▶ **Data**
=======
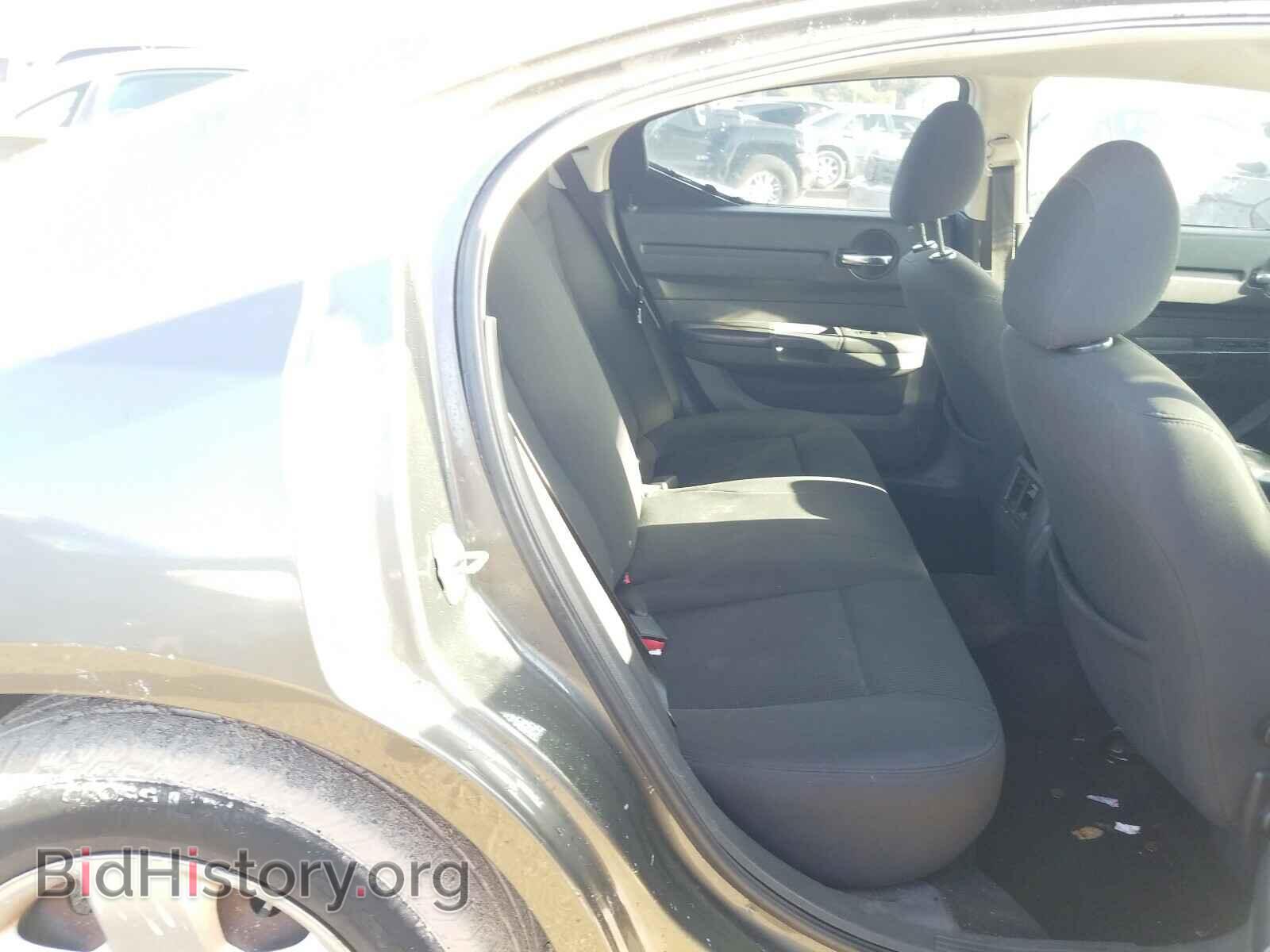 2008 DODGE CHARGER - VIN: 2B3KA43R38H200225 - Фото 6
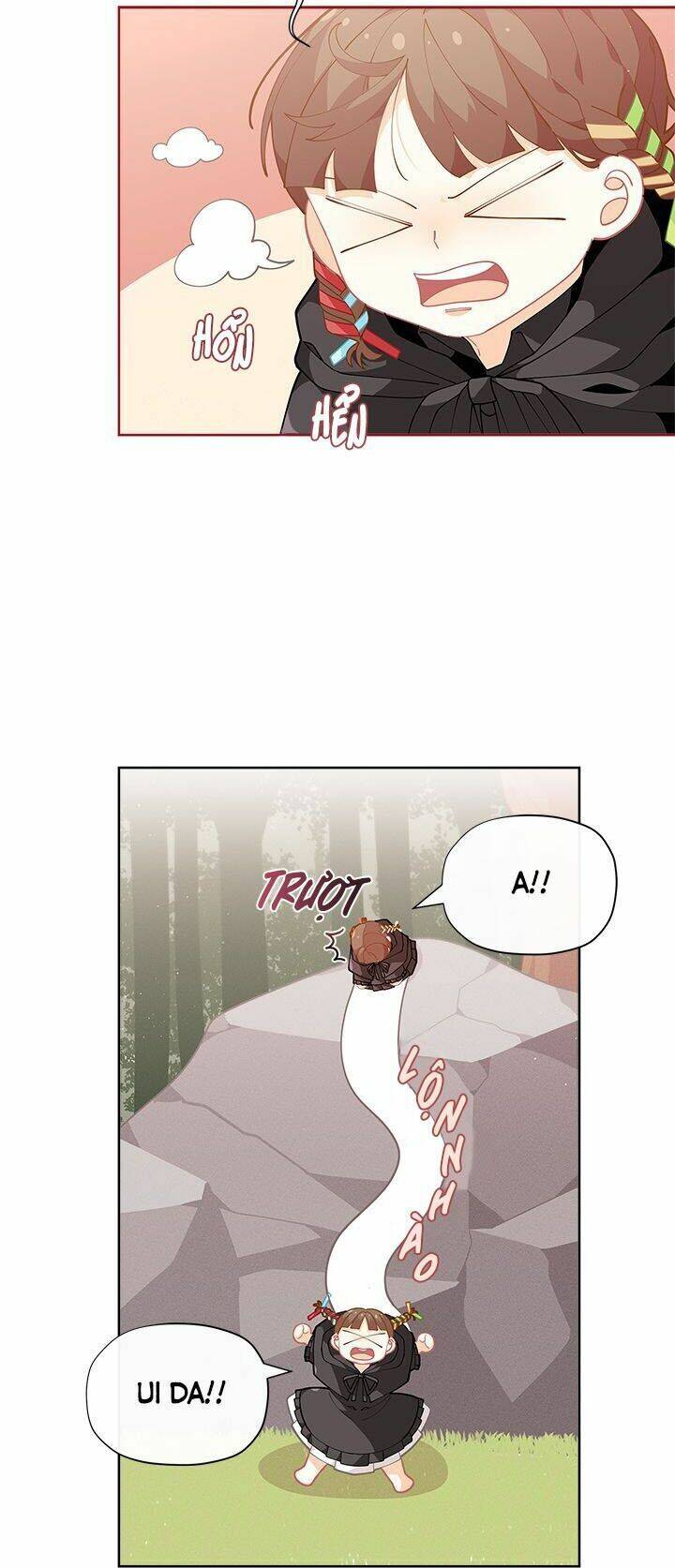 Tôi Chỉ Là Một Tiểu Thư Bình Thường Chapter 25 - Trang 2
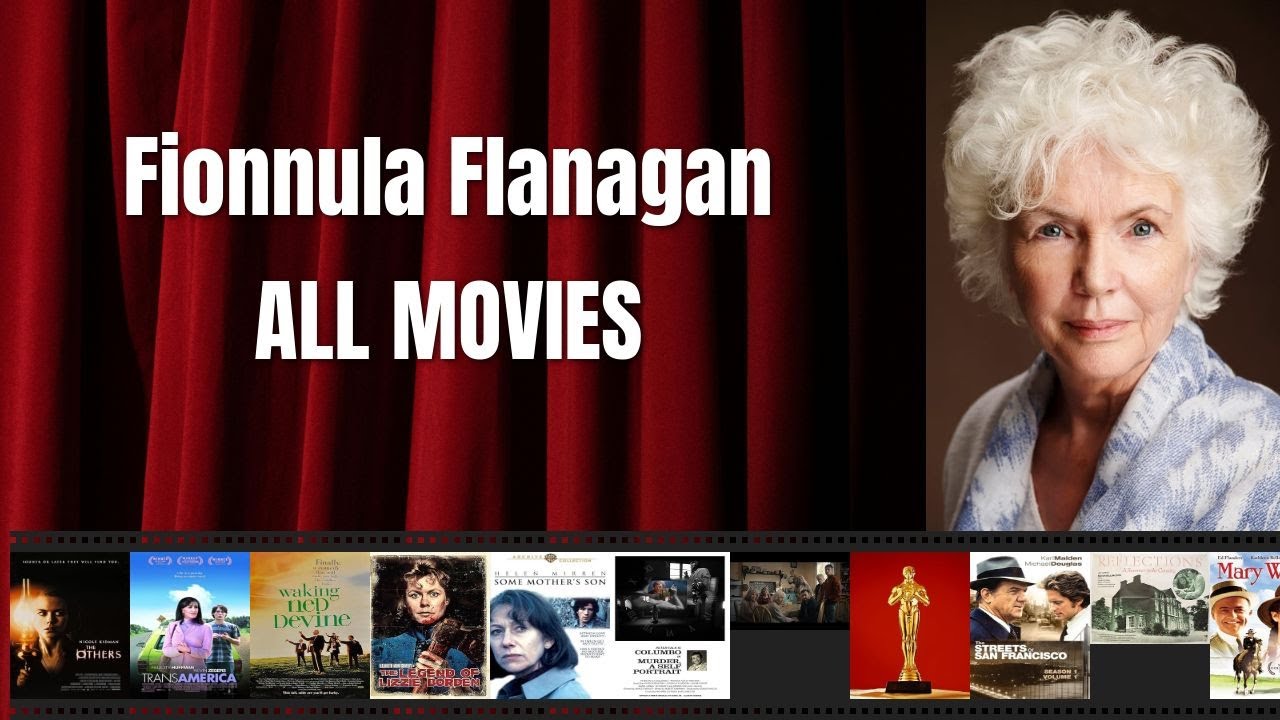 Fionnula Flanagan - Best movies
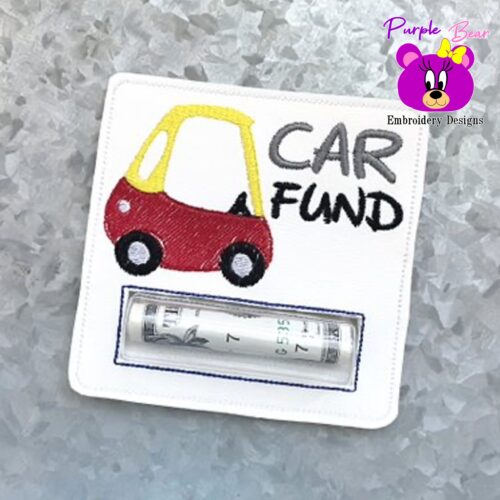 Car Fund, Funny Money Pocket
=======
▶ **What to do**
For this exercise, transcribe exactly only the lines from the one containing "Tôi Chỉ Là Một" through the end of the listing, inclusive, without the pictures.

▶ **Final answer**
 Tôi Chỉ Là Một Tiểu Thư Bình Thường Chapter 25 - Trang 2
 Fionnula Flanagan - Best movies
 Car Fund, Funny Money Pocket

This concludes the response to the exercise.